National Lampoon’s Vacation (1983)

Directed by Harold Ramis. Starring Chevy Chase, Beverly D’Angelo, Anthony Michael Hall, Dana Barron, Randy Quaid, Imogene Coca, Miriam Flynn, John Candy, Christie Brinkley, Eddie Bracken. [R]

Road movie comedy shows the various humiliations suffered by the typical suburban family unit, the Griswolds, as they travel cross-country in a tacky station wagon to get to West Coast amusement park, Walley World (a blatant stand-in for Disneyland). John Hughes built the screenplay around his own short story published in National Lampoon magazine; by design, an episodic lark, and as expected, a hit-and-miss affair with a lot of very funny parts sitting between the dry spells and misfires. Despite a few instances of alarmingly bad behavior (including an unpunished close call with infidelity), Chase plays the Griswold patriarch an amiably goofy family man, positioned less as a send-up of “wholesome” American values than just a well-meaning screw-up with a bad luck streak.
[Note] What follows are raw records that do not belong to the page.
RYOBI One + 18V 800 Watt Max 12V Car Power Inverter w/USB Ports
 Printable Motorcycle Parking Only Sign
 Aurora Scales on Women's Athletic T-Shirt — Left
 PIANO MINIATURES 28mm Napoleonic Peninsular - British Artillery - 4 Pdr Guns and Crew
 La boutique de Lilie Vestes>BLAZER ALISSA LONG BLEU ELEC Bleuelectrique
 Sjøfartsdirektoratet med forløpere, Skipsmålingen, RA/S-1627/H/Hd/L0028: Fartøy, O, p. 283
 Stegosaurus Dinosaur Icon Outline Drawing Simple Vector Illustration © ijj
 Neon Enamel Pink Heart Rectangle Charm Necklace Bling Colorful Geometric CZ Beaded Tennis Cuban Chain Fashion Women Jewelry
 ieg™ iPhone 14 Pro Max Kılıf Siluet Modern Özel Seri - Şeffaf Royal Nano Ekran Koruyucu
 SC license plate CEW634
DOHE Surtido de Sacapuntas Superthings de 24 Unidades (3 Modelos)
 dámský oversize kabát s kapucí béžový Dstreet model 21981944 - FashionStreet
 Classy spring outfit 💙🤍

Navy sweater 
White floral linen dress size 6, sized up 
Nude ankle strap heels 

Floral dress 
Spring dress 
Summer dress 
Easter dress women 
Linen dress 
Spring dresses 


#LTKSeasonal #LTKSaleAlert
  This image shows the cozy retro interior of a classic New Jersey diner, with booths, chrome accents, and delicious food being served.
Most of his immediate family are set up to be “straight men” and voices of reason, but Quaid and Coca both have riotous supporting turns as a white trash cousin and crotchety aunt respectively. The fact that this trip ends up having a body count proves that good taste and realism aren’t high on the minds of the filmmakers, though it shows astonishing restraint compared to the slew of vulgar, mean-spirited comedies that sprung up in its aftermath. Eugene Levy, Brian Doyle-Murray, and Henry Gibson all have bit parts. Followed by four sequels.